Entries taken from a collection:
────────────────

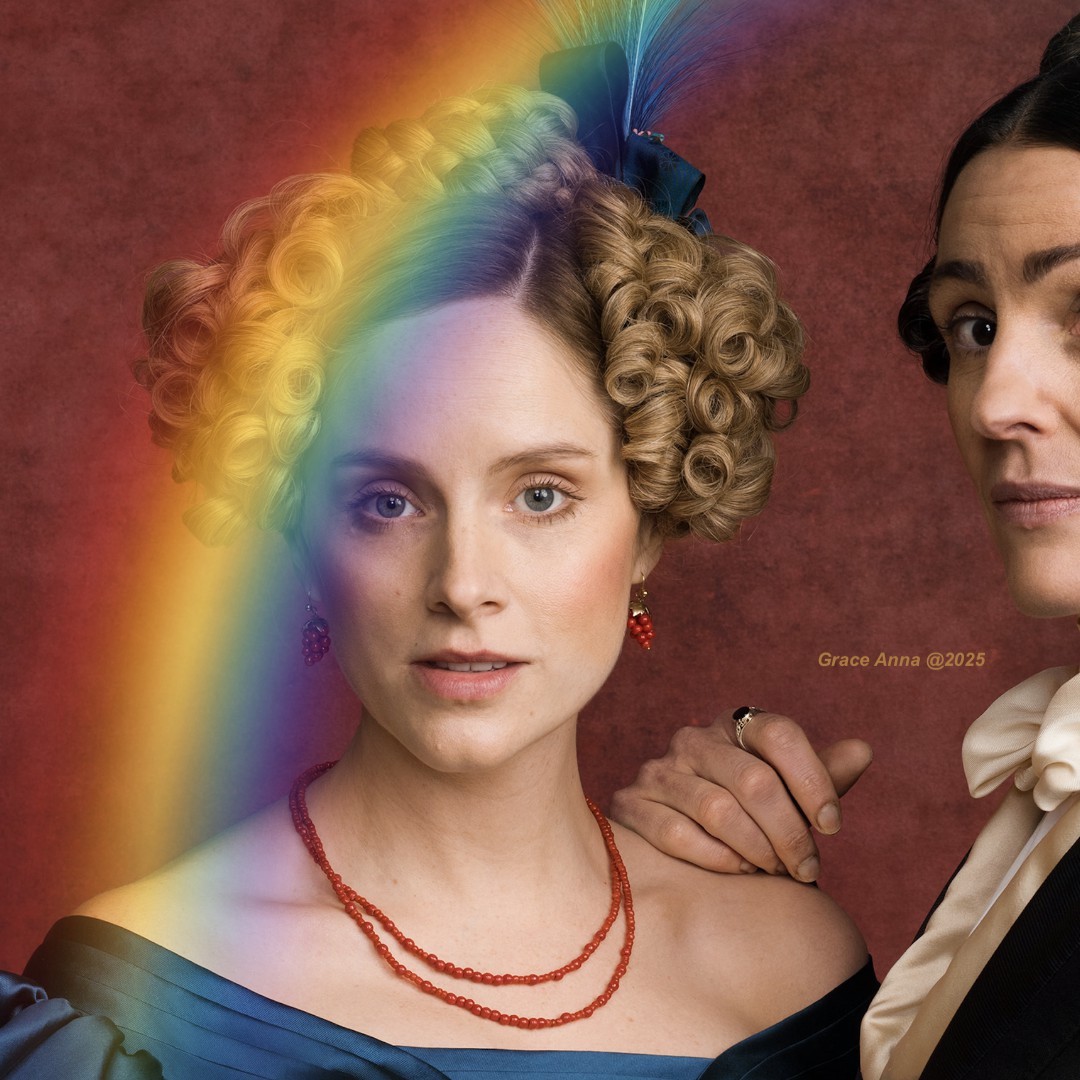 Gentleman Jack Blank Meme Template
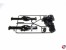 A-Teile (Achsgeh�use) f�r Wrangler, CC-01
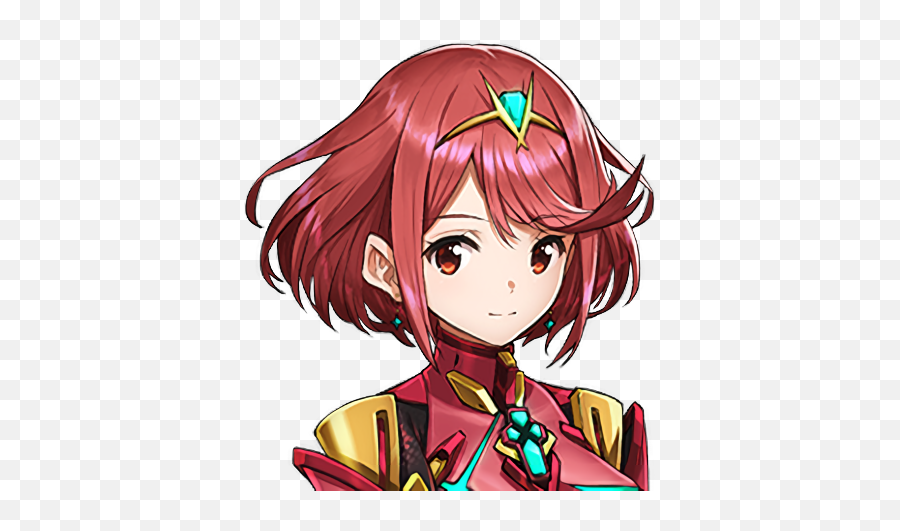 Tinker Of Fiction Of - Xenoblade Chronicles 2 Pyra Emoji,Emotion Commotion Xenoblade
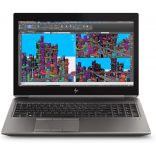 HP ZBook 15 G5 | i7-8750H | 16GB RAM | 512GB SSD | Quadro P1000 | Windows 11 | használt workstation laptop garanciával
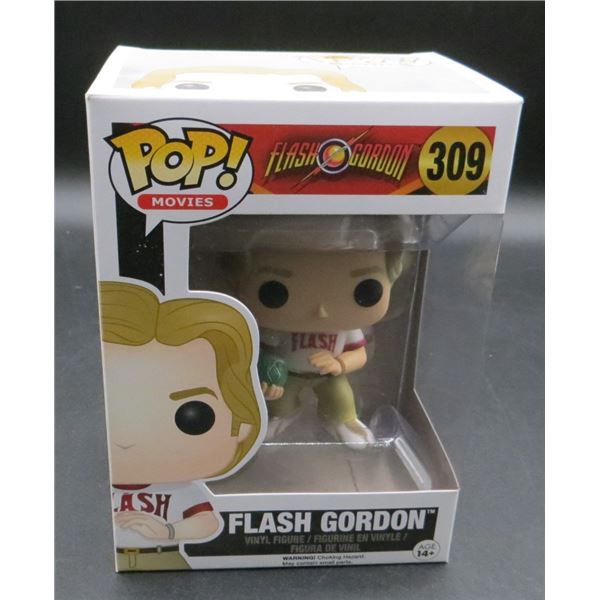 New Funko Pop Flash Gordon #309 BV $55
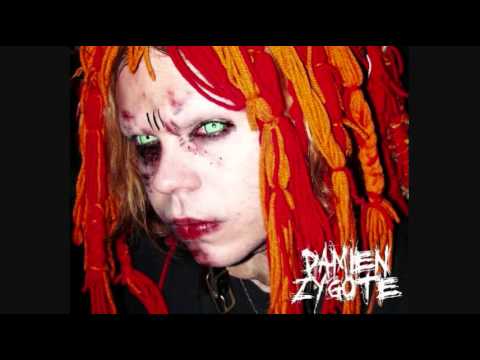 Damien Zygote - Devil Child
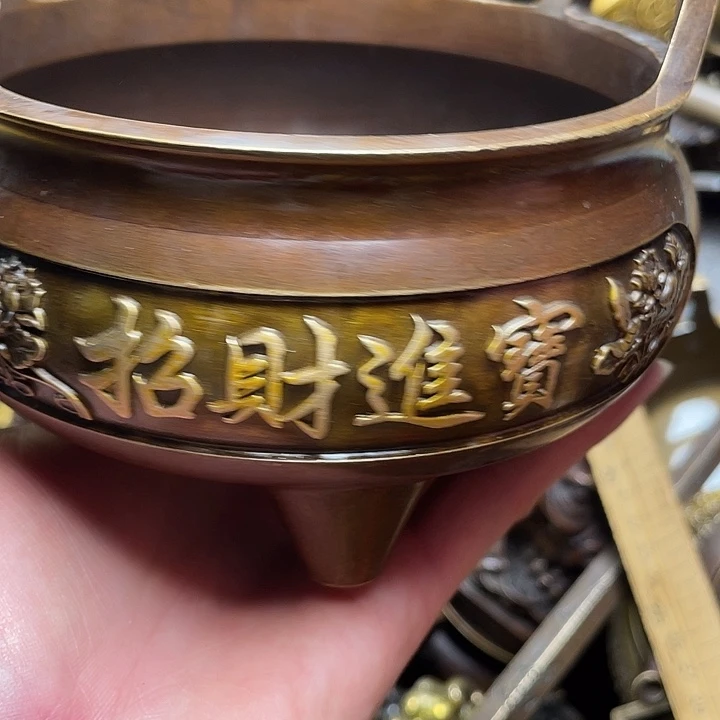 铜器摆件诚信经营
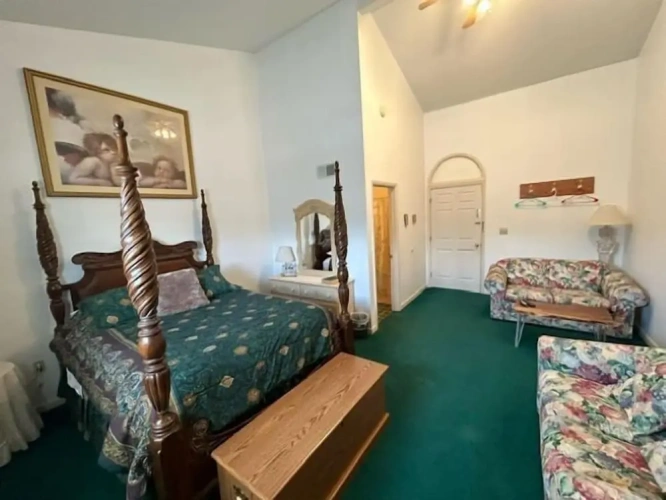Comfort Single room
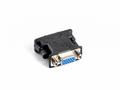 LANBERG adaptér DVI-I (M) (24+5) Dual link na VGA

────────────────

[Problem requirements]: Every entry above should be written out again verbatim, with no pictures included.

[Solution for this task]:
 Gentleman Jack Blank Meme Template
 A-Teile (Achsgeh�use) f�r Wrangler, CC-01
 Tinker Of Fiction Of - Xenoblade Chronicles 2 Pyra Emoji,Emotion Commotion Xenoblade
 HP ZBook 15 G5 | i7-8750H | 16GB RAM | 512GB SSD | Quadro P1000 | Windows 11 | használt workstation laptop garanciával
 New Funko Pop Flash Gordon #309 BV $55
 Damien Zygote - Devil Child
 铜器摆件诚信经营
Comfort Single room
 LANBERG adaptér DVI-I (M) (24+5) Dual link na VGA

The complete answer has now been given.